Keppel Ltd – Energy buttressed bottom line February 5, 2024 94

PSR Recommendation: ACCUMULATE Status: Downgraded
Last Close Price: 7.39 Target Price: 7.980
  • FY23 core net profit grew 5.6% YoY, in line with our expectations. Recurring income grew 54% to S$773mn, or 88% of net profit. Infrastructure made up 90% of this.
  • Growth was underpinned by a higher margin from energy sales, offset by the doubling of interest expense to S$328mn, and S$111mn loss on distribution of K Reit units to Keppel shareholders.
  • Energy earnings are sustainable, with 60% of capacity locked in on long-term contracts for more than 3 years. A lower interest rate environment could rejuvenate M&A and fundraising, lifting funds under management. The sale of the rigs in AssetCo could return S$3.1bn to the group, we estimate.
  • Downgrade to ACCUMULATE from BUY on recent share price gains. We raised FY24e net profit projections by 0.4%. Our SOTP-derived TP is revised higher to S$7.98 (prev S$7.52), as recurring income takes a bigger share of net profit.

 

 

The Positives

+ Integrated power business doubled operating income and margins, benefitted from  improved energy spark spread and exit from low-margined legacy contracts. 90% of its capacity is contracted for >1 year, providing visible and sustainable earnings.

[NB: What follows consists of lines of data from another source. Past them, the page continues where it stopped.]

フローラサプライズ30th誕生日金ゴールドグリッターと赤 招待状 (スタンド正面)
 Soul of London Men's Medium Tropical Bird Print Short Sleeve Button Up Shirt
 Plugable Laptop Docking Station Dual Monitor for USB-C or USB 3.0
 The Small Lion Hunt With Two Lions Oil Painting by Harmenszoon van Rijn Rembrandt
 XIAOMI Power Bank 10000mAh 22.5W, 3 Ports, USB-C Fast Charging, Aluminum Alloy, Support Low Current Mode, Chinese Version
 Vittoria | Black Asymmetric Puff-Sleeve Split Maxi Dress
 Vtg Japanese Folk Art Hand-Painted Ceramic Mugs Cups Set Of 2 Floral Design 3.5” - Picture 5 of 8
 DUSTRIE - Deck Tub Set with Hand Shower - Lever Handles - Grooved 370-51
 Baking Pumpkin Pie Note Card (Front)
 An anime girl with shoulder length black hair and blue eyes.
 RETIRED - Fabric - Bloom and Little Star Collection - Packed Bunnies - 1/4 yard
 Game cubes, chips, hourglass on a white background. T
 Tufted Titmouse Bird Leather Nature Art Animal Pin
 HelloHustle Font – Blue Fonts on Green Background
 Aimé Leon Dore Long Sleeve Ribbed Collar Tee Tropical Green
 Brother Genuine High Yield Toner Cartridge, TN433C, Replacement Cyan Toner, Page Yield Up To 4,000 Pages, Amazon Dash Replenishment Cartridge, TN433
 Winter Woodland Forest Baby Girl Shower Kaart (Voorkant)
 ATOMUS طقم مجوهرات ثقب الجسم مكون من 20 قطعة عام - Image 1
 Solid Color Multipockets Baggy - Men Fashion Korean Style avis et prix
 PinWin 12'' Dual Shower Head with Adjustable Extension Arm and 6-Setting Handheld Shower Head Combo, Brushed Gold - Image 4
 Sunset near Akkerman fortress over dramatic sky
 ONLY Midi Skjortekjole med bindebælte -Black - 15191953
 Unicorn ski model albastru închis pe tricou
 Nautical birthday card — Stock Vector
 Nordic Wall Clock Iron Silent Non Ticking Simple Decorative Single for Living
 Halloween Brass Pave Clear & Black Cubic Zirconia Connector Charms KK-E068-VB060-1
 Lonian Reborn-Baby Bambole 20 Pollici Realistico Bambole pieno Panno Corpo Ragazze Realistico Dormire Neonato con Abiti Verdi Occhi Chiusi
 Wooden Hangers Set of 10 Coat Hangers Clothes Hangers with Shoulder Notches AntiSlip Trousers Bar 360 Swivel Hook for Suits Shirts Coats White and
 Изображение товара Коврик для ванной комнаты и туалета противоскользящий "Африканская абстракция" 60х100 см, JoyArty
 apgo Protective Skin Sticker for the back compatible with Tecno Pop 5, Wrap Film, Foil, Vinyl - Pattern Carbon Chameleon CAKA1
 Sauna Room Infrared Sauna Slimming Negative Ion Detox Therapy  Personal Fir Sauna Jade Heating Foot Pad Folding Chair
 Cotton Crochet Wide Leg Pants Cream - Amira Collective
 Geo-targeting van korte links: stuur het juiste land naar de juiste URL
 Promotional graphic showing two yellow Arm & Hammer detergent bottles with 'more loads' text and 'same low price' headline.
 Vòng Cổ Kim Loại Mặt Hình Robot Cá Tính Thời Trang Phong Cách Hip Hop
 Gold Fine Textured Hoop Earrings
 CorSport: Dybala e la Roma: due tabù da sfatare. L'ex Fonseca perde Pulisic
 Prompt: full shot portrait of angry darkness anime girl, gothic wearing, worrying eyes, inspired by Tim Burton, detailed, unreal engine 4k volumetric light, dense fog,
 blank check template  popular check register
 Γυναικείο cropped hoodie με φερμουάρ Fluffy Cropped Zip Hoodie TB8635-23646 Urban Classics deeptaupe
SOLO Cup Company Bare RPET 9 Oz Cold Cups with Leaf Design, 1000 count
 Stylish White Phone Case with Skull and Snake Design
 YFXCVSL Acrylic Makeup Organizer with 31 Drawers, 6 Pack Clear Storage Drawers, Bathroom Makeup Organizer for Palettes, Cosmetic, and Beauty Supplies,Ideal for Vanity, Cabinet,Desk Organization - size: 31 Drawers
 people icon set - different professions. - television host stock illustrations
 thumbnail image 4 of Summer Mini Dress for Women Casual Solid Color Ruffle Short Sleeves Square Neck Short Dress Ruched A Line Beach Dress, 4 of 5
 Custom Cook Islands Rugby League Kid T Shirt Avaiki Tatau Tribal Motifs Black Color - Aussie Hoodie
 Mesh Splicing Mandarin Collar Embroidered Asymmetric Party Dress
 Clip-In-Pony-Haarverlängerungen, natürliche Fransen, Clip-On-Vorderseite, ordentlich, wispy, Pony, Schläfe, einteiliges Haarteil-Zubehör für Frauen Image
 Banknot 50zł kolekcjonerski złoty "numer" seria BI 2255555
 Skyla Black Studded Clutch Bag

KIT contributed higher fees after a change in fee structure.

 

+ M1 grew revenue by 6%, after the acquisition of a Malaysian ICT in late 2022. Key drivers were higher enterprise customer sales (+27%) and total customers (+2%), and recovery of roaming services to 80% of pre-COVID.

 

The Negatives

– Real estate division was impacted by higher interest expense, lower fair value gains on investment properties and higher overheads at asset management units. The distribution of K Reit units to Keppel shareholders led to a S$111mn loss as the book value exceeded the market value.

 

– Recurring fee income from fund management fell 5.5% to S$86mn. About S$5bn new funds was raised in FY23. Investors’ appetite was muted amidst rising interest rates and tighter credit conditions. But the pace could pick up in FY24, as recently-acquired Aermont Capital extends its investor reach, and the interest rate environment turns favourable.  

 

– Net gearing rose to 0.9x. Management has an internal net gearing threshold of 1x. Free cash flow was negative S$228mn. Net debt as at end Dec was S$9.7bn, at an average interest cost of 3.75%. Interest expense doubled to S$328mn.